Last week I covered absorption in Manhattan by geographic region. This week I wanted to extend it to the New York region (at least the markets I cover) in the context of the national market. I know, I know?the national market is the combination of thousands of real estate markets. But I still think it helps to see where we are. After all, as a region, we were one of the last housing markets to enter the downturn.

Absorption as defined in this chart as the number of months to sell off existing inventory at the current pace of sales. This chart does not include so-called "shadow inventory" locally or nationally.

The U.S. absorption rate (blue line) has nearly doubled over the past three years due to the rise in inventory and the fall in the number of sales. The U.S. absorption rate does seem to rise between the first quarter and second quarter (dotted blue line) because inventory is added to the market early in the year to take advantage of the increased spring demand.

The New York region roughly bracketed the U.S. absorption rate until the last quarter, reflecting the sudden impact of the September tipping point.

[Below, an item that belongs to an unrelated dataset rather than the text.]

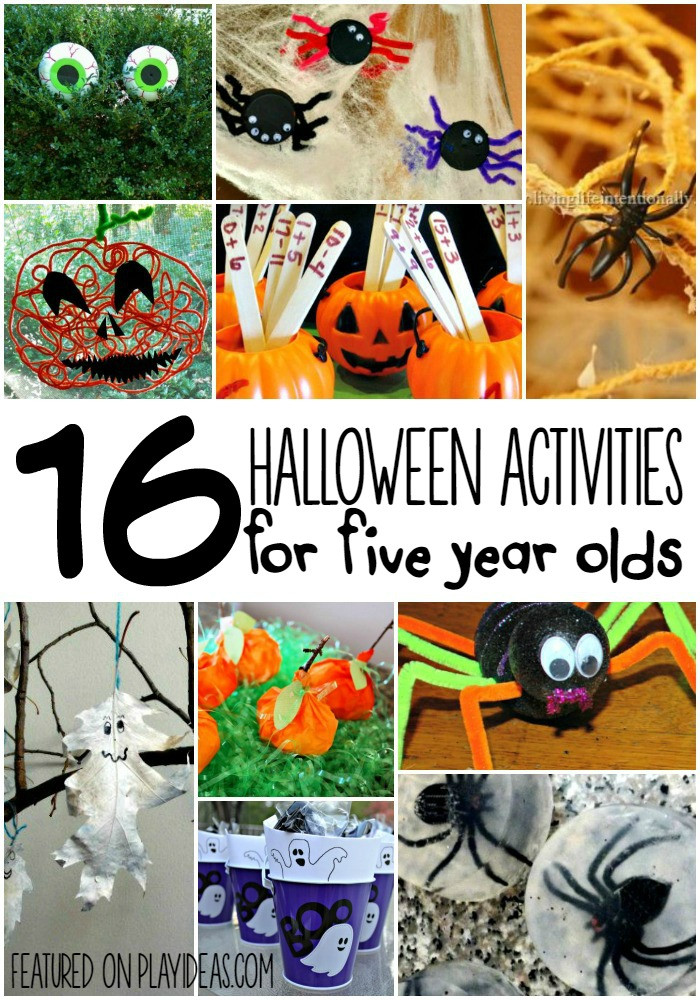 Halloween Party Ideas For 10 Year Olds
 16 Halloween Activities For 5 Year Olds – Page 2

The jump was significant in all markets we report on, showing the strain and pain the market will be facing over the next year or more. However, the jump in contracts at the moment may wring out the sponge a bit next quarter, as mortgage liquidity for conforming mortgage financing begins to stimulate more activity, albeit not at the levels we have seen in previous years.
· US/New York Metro Area Monthly Absorption Rates [Miller Samuel]
· Three Cents Worth archive [Curbed]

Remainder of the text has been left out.